• **EXERCISE DIRECTIONS**:
Among the lines below, take the one holding "Boucles d'oreilles coeur", the one holding "Set de cubiertos", and all lines between them. Set them down exactly.

....

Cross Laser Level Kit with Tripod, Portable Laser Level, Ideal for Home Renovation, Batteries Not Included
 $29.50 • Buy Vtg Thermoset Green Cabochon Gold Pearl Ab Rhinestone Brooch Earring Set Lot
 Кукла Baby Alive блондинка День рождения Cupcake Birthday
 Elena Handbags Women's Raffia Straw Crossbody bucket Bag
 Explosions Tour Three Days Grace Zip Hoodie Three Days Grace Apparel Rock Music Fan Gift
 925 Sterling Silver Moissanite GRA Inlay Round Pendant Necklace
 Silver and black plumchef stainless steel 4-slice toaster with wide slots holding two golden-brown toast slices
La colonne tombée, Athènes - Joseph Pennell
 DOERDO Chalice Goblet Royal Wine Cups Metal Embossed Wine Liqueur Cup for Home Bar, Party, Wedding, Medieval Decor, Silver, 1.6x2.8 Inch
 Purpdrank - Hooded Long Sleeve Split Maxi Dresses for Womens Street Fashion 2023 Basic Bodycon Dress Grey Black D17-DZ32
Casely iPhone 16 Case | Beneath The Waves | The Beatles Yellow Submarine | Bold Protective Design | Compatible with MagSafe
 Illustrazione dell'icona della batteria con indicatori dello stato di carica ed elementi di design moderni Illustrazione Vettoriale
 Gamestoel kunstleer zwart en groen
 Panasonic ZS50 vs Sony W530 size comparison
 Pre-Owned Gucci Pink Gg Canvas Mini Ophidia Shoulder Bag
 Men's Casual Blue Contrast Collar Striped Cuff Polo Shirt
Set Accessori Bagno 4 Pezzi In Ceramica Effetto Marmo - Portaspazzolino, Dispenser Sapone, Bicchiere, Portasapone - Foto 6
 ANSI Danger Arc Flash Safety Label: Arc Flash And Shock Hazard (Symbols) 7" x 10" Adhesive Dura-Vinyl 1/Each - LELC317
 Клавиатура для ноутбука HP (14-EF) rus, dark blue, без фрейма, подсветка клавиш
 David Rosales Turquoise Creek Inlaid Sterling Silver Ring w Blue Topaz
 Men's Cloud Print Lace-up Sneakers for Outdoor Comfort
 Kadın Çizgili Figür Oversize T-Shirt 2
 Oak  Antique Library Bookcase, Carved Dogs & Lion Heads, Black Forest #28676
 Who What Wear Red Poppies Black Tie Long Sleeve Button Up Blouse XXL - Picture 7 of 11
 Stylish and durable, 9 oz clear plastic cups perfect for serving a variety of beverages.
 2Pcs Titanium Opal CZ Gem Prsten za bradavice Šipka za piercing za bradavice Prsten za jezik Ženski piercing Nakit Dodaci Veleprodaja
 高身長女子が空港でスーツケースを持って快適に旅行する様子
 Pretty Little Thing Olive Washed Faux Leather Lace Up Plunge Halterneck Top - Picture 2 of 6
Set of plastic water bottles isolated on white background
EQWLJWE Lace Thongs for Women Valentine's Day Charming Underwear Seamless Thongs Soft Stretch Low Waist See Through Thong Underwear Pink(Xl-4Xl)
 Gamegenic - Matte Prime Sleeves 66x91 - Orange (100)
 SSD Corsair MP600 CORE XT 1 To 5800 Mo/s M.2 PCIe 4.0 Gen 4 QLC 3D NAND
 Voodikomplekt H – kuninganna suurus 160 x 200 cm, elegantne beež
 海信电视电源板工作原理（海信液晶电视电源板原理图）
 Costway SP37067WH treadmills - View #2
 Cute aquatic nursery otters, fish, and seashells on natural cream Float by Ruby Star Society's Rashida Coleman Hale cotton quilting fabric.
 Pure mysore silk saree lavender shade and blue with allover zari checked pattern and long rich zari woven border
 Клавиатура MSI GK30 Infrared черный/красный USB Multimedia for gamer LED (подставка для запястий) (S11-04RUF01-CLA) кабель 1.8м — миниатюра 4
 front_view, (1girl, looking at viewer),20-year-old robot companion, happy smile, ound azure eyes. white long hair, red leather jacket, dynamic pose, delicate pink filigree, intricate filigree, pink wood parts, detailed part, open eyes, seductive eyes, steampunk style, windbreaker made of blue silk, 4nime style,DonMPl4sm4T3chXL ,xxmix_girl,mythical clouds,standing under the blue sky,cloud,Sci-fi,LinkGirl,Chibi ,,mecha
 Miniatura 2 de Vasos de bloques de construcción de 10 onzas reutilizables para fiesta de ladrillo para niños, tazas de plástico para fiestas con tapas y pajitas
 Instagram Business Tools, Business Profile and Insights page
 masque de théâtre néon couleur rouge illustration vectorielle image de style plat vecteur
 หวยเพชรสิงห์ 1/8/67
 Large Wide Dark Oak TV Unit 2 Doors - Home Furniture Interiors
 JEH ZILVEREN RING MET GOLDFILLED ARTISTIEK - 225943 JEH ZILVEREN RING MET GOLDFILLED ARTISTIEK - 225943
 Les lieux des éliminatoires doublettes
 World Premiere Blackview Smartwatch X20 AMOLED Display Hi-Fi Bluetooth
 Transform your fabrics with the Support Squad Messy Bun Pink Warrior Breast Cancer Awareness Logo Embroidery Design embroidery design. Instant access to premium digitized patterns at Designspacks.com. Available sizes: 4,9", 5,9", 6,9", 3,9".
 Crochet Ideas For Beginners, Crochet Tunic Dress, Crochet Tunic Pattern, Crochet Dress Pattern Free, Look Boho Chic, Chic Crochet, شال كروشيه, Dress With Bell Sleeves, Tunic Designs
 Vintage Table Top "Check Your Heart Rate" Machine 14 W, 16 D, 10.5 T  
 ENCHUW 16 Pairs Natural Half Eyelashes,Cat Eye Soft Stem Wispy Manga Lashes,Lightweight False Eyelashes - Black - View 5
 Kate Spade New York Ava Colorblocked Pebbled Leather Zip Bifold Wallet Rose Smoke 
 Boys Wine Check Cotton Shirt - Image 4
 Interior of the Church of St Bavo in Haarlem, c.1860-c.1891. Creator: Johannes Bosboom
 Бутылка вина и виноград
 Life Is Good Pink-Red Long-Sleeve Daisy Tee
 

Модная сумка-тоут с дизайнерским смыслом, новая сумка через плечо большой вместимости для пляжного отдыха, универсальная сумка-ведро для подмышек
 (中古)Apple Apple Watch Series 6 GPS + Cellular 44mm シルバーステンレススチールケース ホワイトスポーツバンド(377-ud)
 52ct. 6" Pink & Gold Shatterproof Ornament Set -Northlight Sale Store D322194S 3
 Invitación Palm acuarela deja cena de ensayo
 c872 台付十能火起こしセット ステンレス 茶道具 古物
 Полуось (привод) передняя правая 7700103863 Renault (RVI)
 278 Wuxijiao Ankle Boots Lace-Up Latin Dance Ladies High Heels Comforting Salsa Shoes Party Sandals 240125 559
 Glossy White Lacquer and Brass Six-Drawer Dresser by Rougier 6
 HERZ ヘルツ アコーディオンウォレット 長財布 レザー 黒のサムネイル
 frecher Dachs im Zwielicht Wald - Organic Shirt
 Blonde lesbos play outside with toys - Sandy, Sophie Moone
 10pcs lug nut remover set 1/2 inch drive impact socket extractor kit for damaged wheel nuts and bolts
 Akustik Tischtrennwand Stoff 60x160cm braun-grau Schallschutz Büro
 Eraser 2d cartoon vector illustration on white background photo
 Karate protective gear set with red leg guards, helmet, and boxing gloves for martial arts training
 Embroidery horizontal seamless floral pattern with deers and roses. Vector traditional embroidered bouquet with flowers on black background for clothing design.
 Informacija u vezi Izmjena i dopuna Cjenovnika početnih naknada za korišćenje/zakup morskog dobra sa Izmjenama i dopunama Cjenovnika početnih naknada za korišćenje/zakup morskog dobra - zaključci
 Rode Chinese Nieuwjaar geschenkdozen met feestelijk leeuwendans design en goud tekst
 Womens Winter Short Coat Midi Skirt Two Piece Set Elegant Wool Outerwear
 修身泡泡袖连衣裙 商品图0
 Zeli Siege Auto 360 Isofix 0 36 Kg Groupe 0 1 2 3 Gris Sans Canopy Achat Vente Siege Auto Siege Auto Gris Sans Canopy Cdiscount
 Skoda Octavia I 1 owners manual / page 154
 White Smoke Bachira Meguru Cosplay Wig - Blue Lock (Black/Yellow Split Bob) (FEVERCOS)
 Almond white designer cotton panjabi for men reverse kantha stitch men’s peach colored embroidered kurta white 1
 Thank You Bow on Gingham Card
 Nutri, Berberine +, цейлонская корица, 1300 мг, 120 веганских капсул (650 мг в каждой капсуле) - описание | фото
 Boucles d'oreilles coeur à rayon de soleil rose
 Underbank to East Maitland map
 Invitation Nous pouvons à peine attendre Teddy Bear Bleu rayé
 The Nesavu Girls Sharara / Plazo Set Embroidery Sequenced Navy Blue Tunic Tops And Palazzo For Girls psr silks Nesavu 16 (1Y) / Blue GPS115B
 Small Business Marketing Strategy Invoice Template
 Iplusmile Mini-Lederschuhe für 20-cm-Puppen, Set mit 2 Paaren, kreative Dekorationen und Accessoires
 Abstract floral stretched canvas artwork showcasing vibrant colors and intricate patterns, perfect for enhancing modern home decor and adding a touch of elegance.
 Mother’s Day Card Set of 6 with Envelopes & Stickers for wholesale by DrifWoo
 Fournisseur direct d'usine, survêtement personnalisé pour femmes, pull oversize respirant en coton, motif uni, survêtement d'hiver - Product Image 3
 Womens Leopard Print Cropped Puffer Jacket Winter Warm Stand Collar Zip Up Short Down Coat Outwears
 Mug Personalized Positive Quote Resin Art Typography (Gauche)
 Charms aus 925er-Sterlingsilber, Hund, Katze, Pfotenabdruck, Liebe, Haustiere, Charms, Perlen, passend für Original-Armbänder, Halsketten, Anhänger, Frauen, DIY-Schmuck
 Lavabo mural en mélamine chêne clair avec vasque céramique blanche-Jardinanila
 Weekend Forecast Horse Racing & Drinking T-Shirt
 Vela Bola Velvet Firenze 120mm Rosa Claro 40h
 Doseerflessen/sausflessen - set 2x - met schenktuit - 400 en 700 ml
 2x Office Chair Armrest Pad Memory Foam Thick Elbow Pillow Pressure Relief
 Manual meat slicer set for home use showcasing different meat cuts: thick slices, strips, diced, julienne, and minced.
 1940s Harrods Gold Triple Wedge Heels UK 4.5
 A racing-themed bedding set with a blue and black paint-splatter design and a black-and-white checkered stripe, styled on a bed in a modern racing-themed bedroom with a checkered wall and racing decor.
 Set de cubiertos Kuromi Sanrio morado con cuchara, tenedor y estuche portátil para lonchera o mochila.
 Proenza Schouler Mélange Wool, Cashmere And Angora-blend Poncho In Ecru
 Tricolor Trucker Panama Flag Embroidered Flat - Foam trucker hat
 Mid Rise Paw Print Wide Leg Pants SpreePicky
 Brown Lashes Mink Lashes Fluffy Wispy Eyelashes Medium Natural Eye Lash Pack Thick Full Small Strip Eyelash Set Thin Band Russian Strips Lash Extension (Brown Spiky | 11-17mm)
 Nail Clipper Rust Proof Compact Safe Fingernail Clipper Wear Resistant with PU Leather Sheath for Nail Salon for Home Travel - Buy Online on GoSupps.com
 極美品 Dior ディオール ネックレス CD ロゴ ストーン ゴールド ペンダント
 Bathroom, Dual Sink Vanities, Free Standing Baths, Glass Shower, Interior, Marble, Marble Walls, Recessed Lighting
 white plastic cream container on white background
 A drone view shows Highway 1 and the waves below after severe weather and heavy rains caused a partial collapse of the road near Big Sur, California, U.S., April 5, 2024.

....

• **ANSWER BOX**:
 Boucles d'oreilles coeur à rayon de soleil rose
 Underbank to East Maitland map
 Invitation Nous pouvons à peine attendre Teddy Bear Bleu rayé
 The Nesavu Girls Sharara / Plazo Set Embroidery Sequenced Navy Blue Tunic Tops And Palazzo For Girls psr silks Nesavu 16 (1Y) / Blue GPS115B
 Small Business Marketing Strategy Invoice Template
 Iplusmile Mini-Lederschuhe für 20-cm-Puppen, Set mit 2 Paaren, kreative Dekorationen und Accessoires
 Abstract floral stretched canvas artwork showcasing vibrant colors and intricate patterns, perfect for enhancing modern home decor and adding a touch of elegance.
 Mother’s Day Card Set of 6 with Envelopes & Stickers for wholesale by DrifWoo
 Fournisseur direct d'usine, survêtement personnalisé pour femmes, pull oversize respirant en coton, motif uni, survêtement d'hiver - Product Image 3
 Womens Leopard Print Cropped Puffer Jacket Winter Warm Stand Collar Zip Up Short Down Coat Outwears
 Mug Personalized Positive Quote Resin Art Typography (Gauche)
 Charms aus 925er-Sterlingsilber, Hund, Katze, Pfotenabdruck, Liebe, Haustiere, Charms, Perlen, passend für Original-Armbänder, Halsketten, Anhänger, Frauen, DIY-Schmuck
 Lavabo mural en mélamine chêne clair avec vasque céramique blanche-Jardinanila
 Weekend Forecast Horse Racing & Drinking T-Shirt
 Vela Bola Velvet Firenze 120mm Rosa Claro 40h
 Doseerflessen/sausflessen - set 2x - met schenktuit - 400 en 700 ml
 2x Office Chair Armrest Pad Memory Foam Thick Elbow Pillow Pressure Relief
 Manual meat slicer set for home use showcasing different meat cuts: thick slices, strips, diced, julienne, and minced.
 1940s Harrods Gold Triple Wedge Heels UK 4.5
 A racing-themed bedding set with a blue and black paint-splatter design and a black-and-white checkered stripe, styled on a bed in a modern racing-themed bedroom with a checkered wall and racing decor.
 Set de cubiertos Kuromi Sanrio morado con cuchara, tenedor y estuche portátil para lonchera o mochila.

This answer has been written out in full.